Sur ce terrain, L-PEA obtient des avancées significatives. Après avoir attaqué pour “prise illégale d’intérêts“ les quatre actionnaires de la SAS qui étaient en même temps élus à la com com et avaient participé aux votes concernant le Centre, L-PEA a intenté un recours pour excès de pouvoir devant le tribunal administratif à l’encontre de l’ancien maire de Saint-Martial-le-Vieux. Ces deux actions sont en cours. Surtout, L-PEA a demandé au tribunal administratif de Limoges de constater la caducité de l’arrêté préfectoral autorisant l’exploitation (il datait de plus de trois ans) et obtenu gain de cause le 29 juillet 2016. Les responsables du Centre ont alors décidé, malgré ce jugement, de démarrer l’exploitation avec un nombre réduit d’animaux, en s’appuyant sur la réglementation qui prévoit qu’une simple déclaration suffit jusqu’à 400 bêtes. Mais l’équilibre économique ne pouvant être atteint dans ces conditions, les opposants attendaient avec confiance le jugement définitif du tribunal administratif, après le rejet de l’appel de la SAS au Conseil d’Etat.
Las, le Journal Officiel du 6 décembre 2016 publie un décret par lequel le régime de déclaration est porté de 400 à 800 bêtes. Plus besoin d’enquête publique, l’exploitation peut fonctionner tout de suite avec 800 veaux ! Vraiment, du sur mesure ! Quelques jours après la parution de ce décret, le 22 décembre 2016, un incendie détruit le hangar de stockage de foin et de paille. Dans le cas où le sinistre serait l’oeuvre d’opposants au Centre (L-PEA et la Confédération Paysanne ont condamné cet acte) on peut sans doute comprendre leur exaspération face à ce coup de force gouvernemental, mais on ne peut que qualifier cette destruction d’énorme bêtise, et constater à quel point elle est contre-productive. L’émotion soulevée n’a fait que générer un mouvement de solidarité de la part des agriculteurs (au moins de leurs organisations) avec un grand retentissement médiatique. Les élus et le gouvernement n’ont pas voulu être en reste. Après avoir reçu les responsables du Centre à Matignon, le premier Ministre Bernard Cazeneuve est venu à Saint-Martial le 10 février 2017 “confirmer l’engagement des pouvoirs publics auprès des éleveurs“. Quelques unes de ses déclarations méritent la citation : “Des conditions satisfaisantes au regard des principes du développement durable“, “Une mutualisation des moyens d’élevage sans que le productivisme soit ici à l’oeuvre“, “L’Etat vous aidera par ses financements à surmonter le sinistre“.

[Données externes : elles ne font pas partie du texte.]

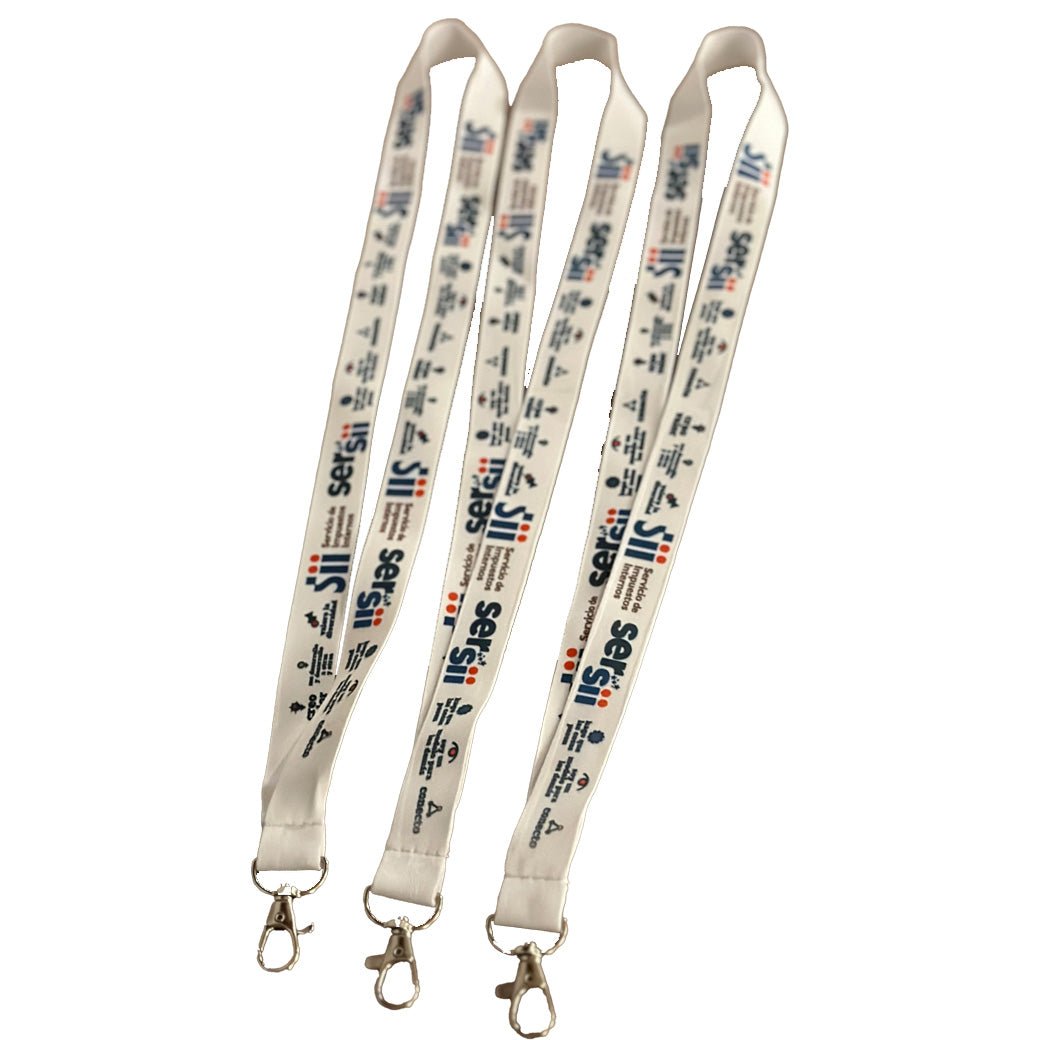 Lanyard Personalizado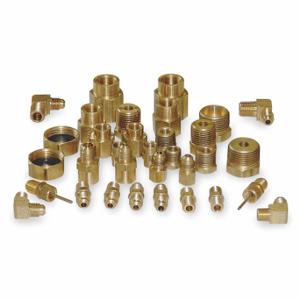 TSI ALNOR HMFIT Accessory Kit, 34 Fittings and Two Bell & Gosset Read Out Probes | CU7CQK 6KF58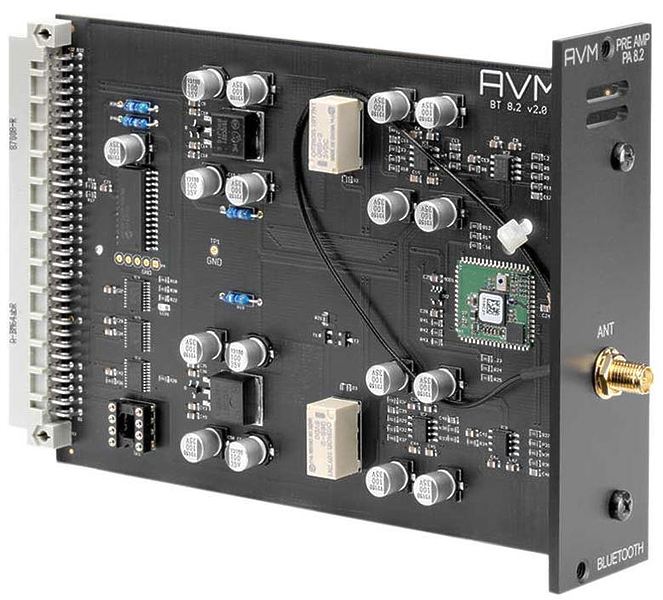 Встраиваемый модуль AVM Bluetooth Module PA 8.3 артикул 252992Si-1 в интернет-магазине «HiFiRussia»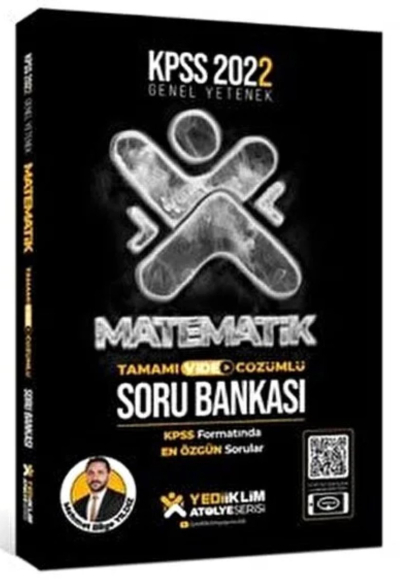 MATEMATİK SORU BANKASI ATÖLYE SERİSİ FotokoPink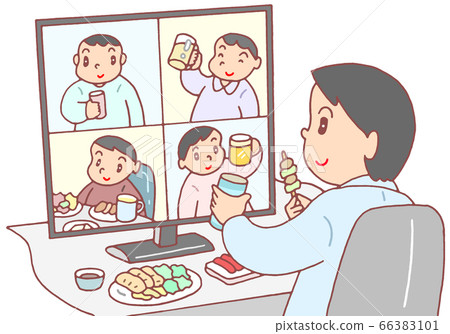 遠程酒會 66383101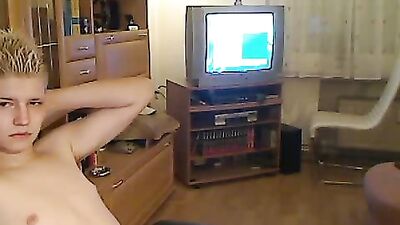 Straight No More! - Web-Cam Boys Shocking Gay Porn Debut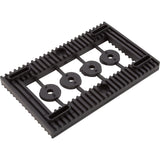 Motor Base, Waterway, Self Aligning, 48 Frame, Rubber : 319-0019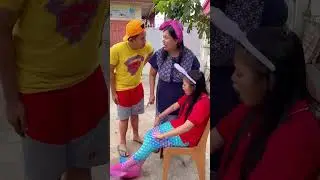 Putri duyungnya butuh air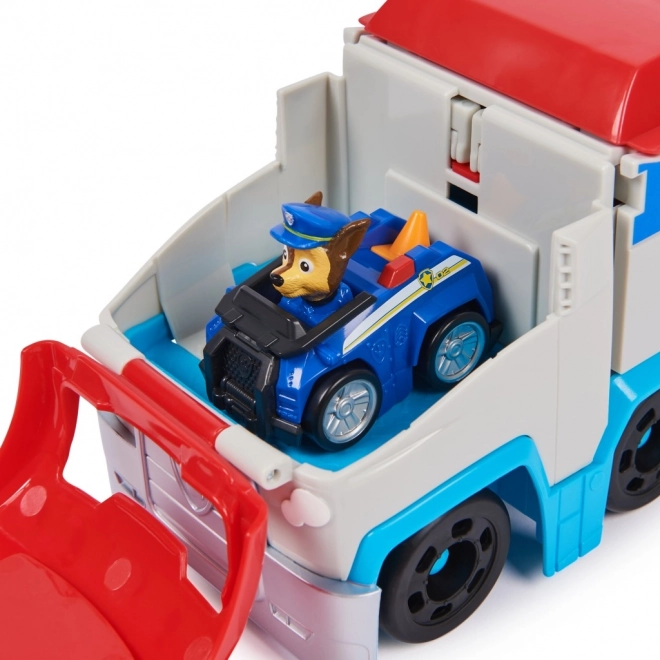 Paw Patrol legesæt Patroller Mini bil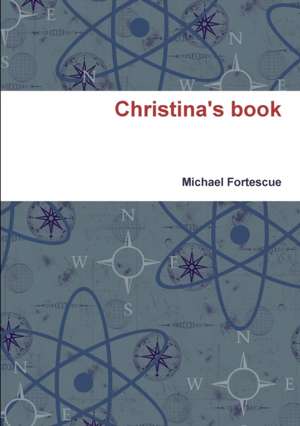 Christina's book de Michael Fortescue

Dans La Montagne, Julien Rapegno note que “l’heure était à la cohésion, à une forme “d’union sacrée“ du PS et des Républicains autour de ce groupe d’éleveurs“. Heureusement, quelques voix discordantes se sont fait entendre. Celle de L-PEA, bien sûr, dont les membres ont subi l’intervention sans ménagement d’un imposant dispositif policier pour les empêcher de manifester, et celle de la Confédération Paysanne, par une lettre au premier Ministre qui synthétise les raisons de ne pas considérer le Centre d’engraissement comme une voie d’avenir pour l’agriculture.